Ich finde es großartig, wie die gesamte Situation und Stimmung in dieser kurzen Geschichte kippt, das ist für mich einfach perfekt gemacht! Erst wirkt alles schwermütig und tieftraurig, eine depressive Stimmung, die einen glauben lässt, dass dieses Mädchen suizid begehen wird (Vielleicht kommt das noch, es steht wie eine Geschichte für sich) und dann doch diese Wendung, die, zumindest mich, erheiternd überrascht.
Mir hat es wirklich gut gefallen :D

LG
Sas-_-

Thaddäus zu Spongebob: "Erschieß dich gefälligst mit deinem eigenen Seil!" :DD
Antwort von:  halfJack
14.05.2014 12:16
*lach* Zwing dich doch nicht.
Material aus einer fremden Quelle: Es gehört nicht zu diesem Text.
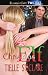 Books : Christmas Elf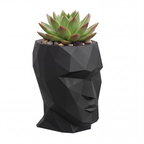 Adan Nano Planter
Oder mach, wie es dir beliebt. Ich weiß, ich weiß, du hast gesagt, du würdest dich nicht zum Lesen zwingen. Ich will nur noch mal versichern, dass ich nicht so ein Gegenleistungsleseforderer bin (was für ein Wort).

Bei "Bagatelle" finde ich merkwürdig, wenn man sich auf den Anfang einlassen kann und es wirklich melancholisch und traurig wahrnimmt. Natürlich ist es gut, sollte es so rüberkommen, damit die plötzliche Kehrtwende verstärkt wird, aber den Anfang habe ich absichtlich so übertrieben formuliert, dass ich ihn selbst gar nicht ernst nehmen kann. Würde ich das in einem anderen Text lesen, könnte ich da vermutlich nicht mitfühlen, weil es zu dick aufgetragen ist. Andererseits laufe ich hiermit auch Gefahr, ein eigentlich schwerwiegendes Thema durch den Kakao ziehen.
Was soll's. Das muss eben auch mal sein. Nichts ist vor Parodien gefeit. :D

PS. Ich kenne das so: Nimm dir ein Seil und erschieß dich da, wo das Wasser am tiefsten ist!
Von: abgemeldet
2013-11-08T14:28:44+00:00 08.11.2013 15:28
^^ Verdammt, ja! Ich feier dich als Autor und bin wirklich entsetzt über deine Gedankengänge.

Von dem Leid des Mädchens blieb mein Herz einfach nicht verschont. Es hat regelrecht wehgetan zu lesen, weil man sich so genial darin einfügen kann und im Geschriebenen verliert.

Der Inhalt des Textes ist krass, klar und auf den Punkt gebracht.
Und die Familie ist einfach... krank?
Ich suche aktuell gezielt nach einem Sinn des Textes und finde keinen konkreten... Man hat so viele Interpretationsfreiheiten und das liebe ich <3

:D danke, dass ich dich gefunden habe!